After growing up in Lakewood, Ohio, I went to Ohio University to study journalism. While at OU, I worked at The Post, the school newspaper, as an advertising manager. I also was part of the OU ad association and did PR and marketing for many clubs on campus. My first job out of college was at Liggett-Stashower, as part of the art studio team. I was the coordinator for the department and also supported internal communications.
Next, I went to Wyse Advertising as part of their media planning department, and that’s where I was able to use both my love of numbers AND creativity. About a year after my first child was born, I decided it was time to try something new, and I started my own consulting company. Former agency managers and clients hired me to work for them, and I picked up some other clients over the years.
After thirteen years of self-employment, I met Joe Pulizzi at the Content Marketing Institute, who was looking for someone to run marketing. I’ve been there over eight years!

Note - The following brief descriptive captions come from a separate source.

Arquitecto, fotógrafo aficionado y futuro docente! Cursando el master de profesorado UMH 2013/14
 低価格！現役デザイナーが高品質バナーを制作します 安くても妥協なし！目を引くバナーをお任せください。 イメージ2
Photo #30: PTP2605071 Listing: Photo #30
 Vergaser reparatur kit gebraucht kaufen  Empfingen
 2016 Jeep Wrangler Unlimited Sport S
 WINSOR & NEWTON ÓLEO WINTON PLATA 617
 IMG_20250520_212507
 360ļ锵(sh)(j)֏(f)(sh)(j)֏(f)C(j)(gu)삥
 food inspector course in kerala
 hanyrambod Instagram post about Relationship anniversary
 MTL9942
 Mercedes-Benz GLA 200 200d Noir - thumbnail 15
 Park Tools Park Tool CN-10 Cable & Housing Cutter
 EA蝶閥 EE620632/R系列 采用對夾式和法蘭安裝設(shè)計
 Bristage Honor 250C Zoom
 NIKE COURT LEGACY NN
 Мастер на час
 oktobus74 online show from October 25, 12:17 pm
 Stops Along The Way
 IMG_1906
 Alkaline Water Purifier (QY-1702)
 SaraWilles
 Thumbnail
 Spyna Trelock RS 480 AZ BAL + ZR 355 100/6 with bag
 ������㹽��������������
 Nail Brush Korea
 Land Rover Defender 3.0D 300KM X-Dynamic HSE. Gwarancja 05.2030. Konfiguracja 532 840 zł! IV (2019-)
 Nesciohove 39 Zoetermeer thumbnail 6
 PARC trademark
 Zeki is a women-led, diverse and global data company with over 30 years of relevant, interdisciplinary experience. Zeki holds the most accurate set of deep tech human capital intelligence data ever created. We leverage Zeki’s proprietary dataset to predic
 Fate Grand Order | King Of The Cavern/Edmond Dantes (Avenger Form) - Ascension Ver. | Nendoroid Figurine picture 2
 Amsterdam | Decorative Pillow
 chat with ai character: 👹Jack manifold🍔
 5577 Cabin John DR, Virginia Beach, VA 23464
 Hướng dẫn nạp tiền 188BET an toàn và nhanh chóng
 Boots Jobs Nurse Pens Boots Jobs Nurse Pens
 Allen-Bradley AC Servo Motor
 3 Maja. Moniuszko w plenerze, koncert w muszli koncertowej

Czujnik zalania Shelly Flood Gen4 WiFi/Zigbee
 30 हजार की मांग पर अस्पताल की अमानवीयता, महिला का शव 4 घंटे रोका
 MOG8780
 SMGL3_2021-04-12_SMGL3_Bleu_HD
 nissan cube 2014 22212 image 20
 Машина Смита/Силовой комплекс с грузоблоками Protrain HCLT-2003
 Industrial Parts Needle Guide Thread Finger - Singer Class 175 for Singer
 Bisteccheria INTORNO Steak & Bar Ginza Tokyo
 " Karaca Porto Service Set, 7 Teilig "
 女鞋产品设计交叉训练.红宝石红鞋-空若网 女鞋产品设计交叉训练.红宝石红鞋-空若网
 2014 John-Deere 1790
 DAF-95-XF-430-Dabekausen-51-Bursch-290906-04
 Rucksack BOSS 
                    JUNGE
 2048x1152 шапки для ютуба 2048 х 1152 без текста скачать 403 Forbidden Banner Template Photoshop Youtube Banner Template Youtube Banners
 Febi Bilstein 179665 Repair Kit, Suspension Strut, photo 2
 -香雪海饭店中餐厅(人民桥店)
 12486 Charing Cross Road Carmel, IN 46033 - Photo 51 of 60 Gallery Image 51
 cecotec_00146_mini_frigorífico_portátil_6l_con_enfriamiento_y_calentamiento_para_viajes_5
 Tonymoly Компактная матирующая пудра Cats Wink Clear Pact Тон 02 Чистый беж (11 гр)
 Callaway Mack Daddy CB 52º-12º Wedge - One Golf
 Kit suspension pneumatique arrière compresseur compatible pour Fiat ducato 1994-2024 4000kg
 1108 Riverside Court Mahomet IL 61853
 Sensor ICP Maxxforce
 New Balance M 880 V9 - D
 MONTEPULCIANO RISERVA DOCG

2. What made you want to pursue marketing and communications?
I really didn’t know what I wanted to do after college. During my junior year of high school in my AP English class, we were assigned one of our most important term papers of the year. The topic? “What I Want to Do When I Grow Up.”
At the end of the school day I went to my teacher’s office and told her I really didn’t know what I wanted to do. She asked what I enjoyed or what I thought my talents were. I said art and math. She said, “You can’t be good at both of those things.” (Let’s just ignore the fact that this probably isn’t the best response coming from an educator.)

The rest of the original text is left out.